Two professors strengthen Harvard Business School’s efforts in social entrepreneurship ‘to build social value in addition to economic value’

By Prateek Kumar, Crimson Staff Writer

With the financial crisis leaving many Wall Street job opportunities in limbo, Harvard Business School’s prospective masters of the universe may find that they’d rather be champions of their community—and they’d be in luck.

Professors V. Kasturi “Kash” Rangan and Allen S. Grossman have been leading the Business School’s increased focus on social entrepreneurship, applying their extensive experience in the field to help HBS students use their business acumen to serve their communities and the world.

ENGINEERING AN ENLIGHTENED ENTERPRISE

Rangan, one of the two faculty co-chairs of the HBS Social Enterprise Initiative and a professor of marketing at the Business School, was trained as an engineer. But after he graduated from the renowned Indian Institute of Technology Madras in 1971, he found that he was unsatisfied with the cold emphasis on numbers.

“I worked for a structural engineering firm for a short time after graduating from IIT,” Rangan said, “I enjoyed what I did, but it was all analytical, consisting of technical drawings and calculations. Meanwhile, I had always been interested in the human side. How do people behave with each other, and how can you get people to work in a cohesive unit?”

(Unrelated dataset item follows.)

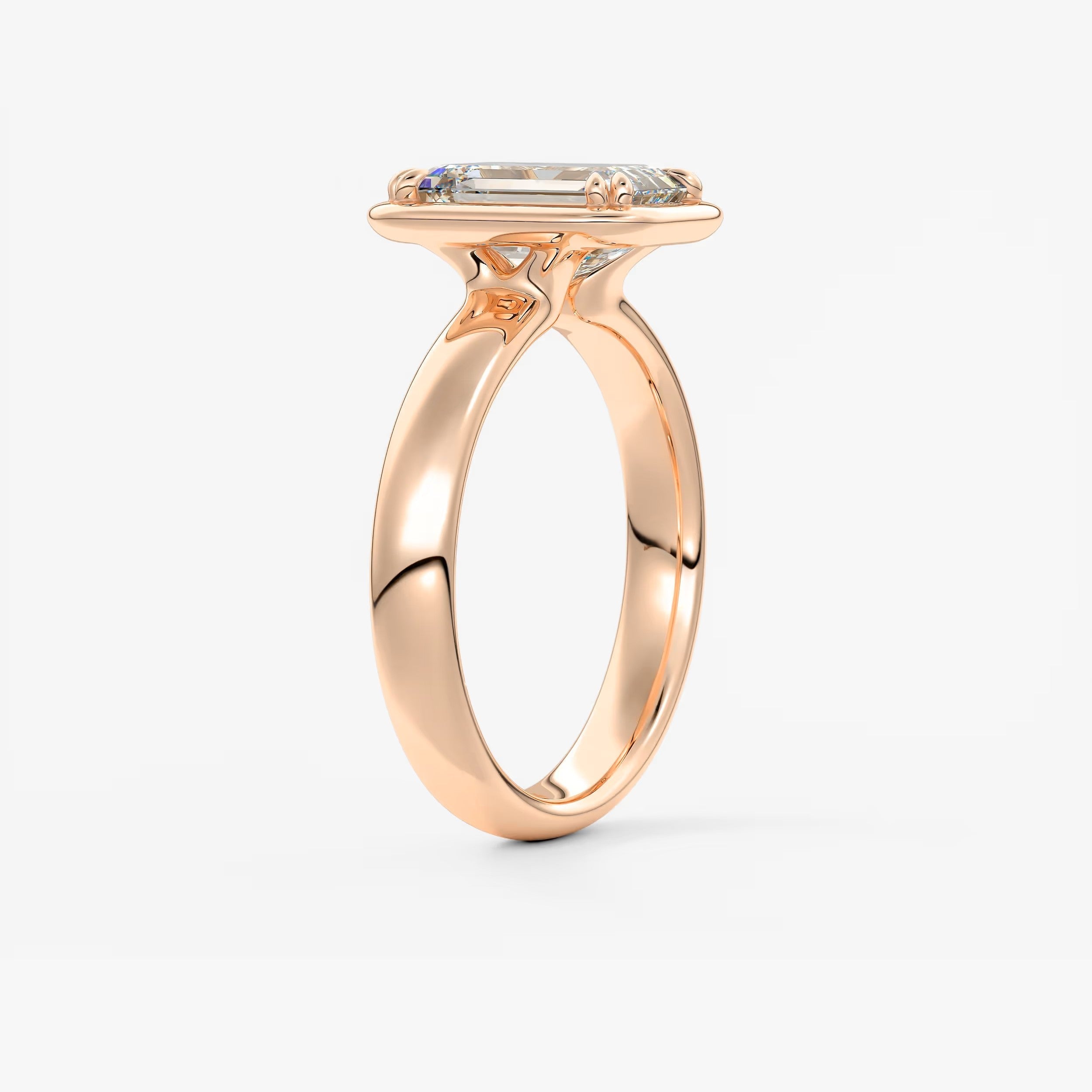 Custom made taylor grande emerald lab diamond bezel engagement ring | australia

Rangan said that the application process to the prestigious Indian Institute of Management in Ahmedabad also helped to alter his thinking.

“I found the questions in the interview intriguing, as there were no technical questions,” Rangan said. “Instead, the questions focused more on judgment: ‘What do you think about the Vietnam War?’ ‘What do you think about a certain firm’s business decision?’”

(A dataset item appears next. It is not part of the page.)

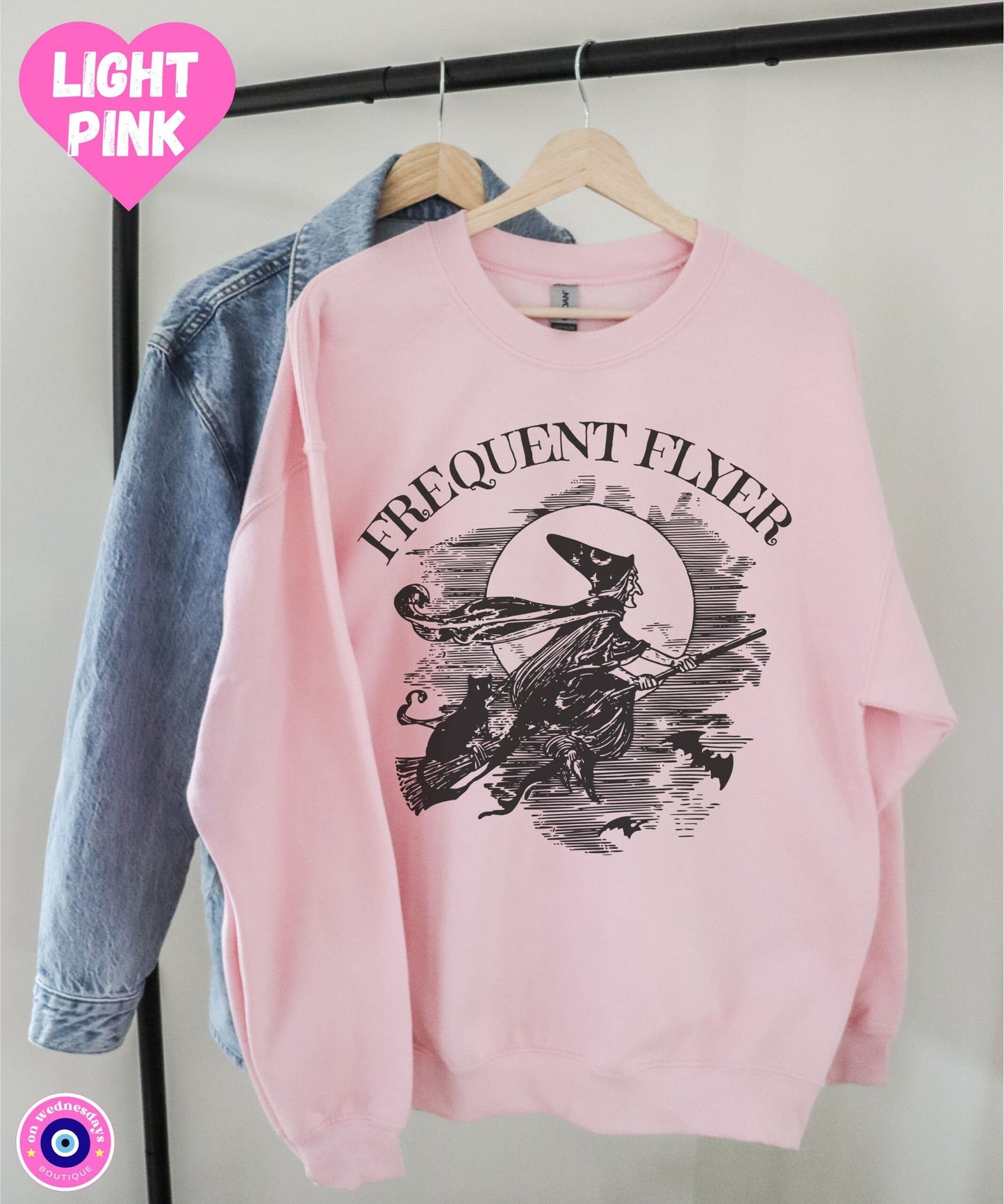 Frequent Flyer Sweatshirt, Vintage Halloween Crewneck, Witch Sweatshirt for Salem, Vintage Witch Shirt, Funny Witch Sweatshirt, Witchy Gift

Rangan found himself drawn to the field of marketing, and pursued the subject at IIM Ahmedabad and then at the Kellogg School of Management at Northwestern.

“The main thing that intrigued me was the discussion of cases rather than lectures from a textbook,” Rangan said. “That appealed to me after going through the rigorous engineering program at IIT. In IIM, instead of taking more Operations Research courses, such as technology and mathematics, I really enjoyed organizational behavior and marketing.”

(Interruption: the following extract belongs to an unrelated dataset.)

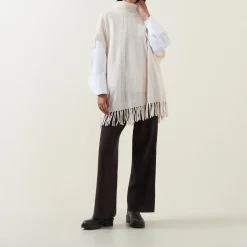 Cable Knit Fringed Cape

During his time at Kellogg, Rangan found that he was also interested in another field.

“I slowly developed a love for the social enterprise part of business,” Rangan said. “If you were born in India and grew up there, you cannot avoid being connected to poverty. It’s not as if the wealthy class and the poor class are segregated. They coexist together, and you see everything that happens around you. Given that environment, I always had a social streak in my heart.”

Rangan credited HBS with allowing him to develop his interest in social marketing through writing up cases to present to his classes.

“One of my first cases was on a family planning program in Bangladesh that I decided to bring to the classroom, and the students loved it,” Rangan said.

After Rangan was promoted to a full professor, former Business School Dean John MacArthur asked him to consider working on an HBS project to promote social entrepreneurship. The HBS Social Enterprise Initiative was formed in 1993.

OUTWARD BOUND

Grossman, a professor of management practice at the Business School, got his first exposure to business as a child sitting at the family dinner table.

“My father was an entrepreneur,” Grossman said, “and the topics around the dinner table were on business, including successes and disappointments. As a result, I found business intriguing from a very early age.”

These discussions included the question of how to balance the pursuit of profit with maintaining one’s integrity.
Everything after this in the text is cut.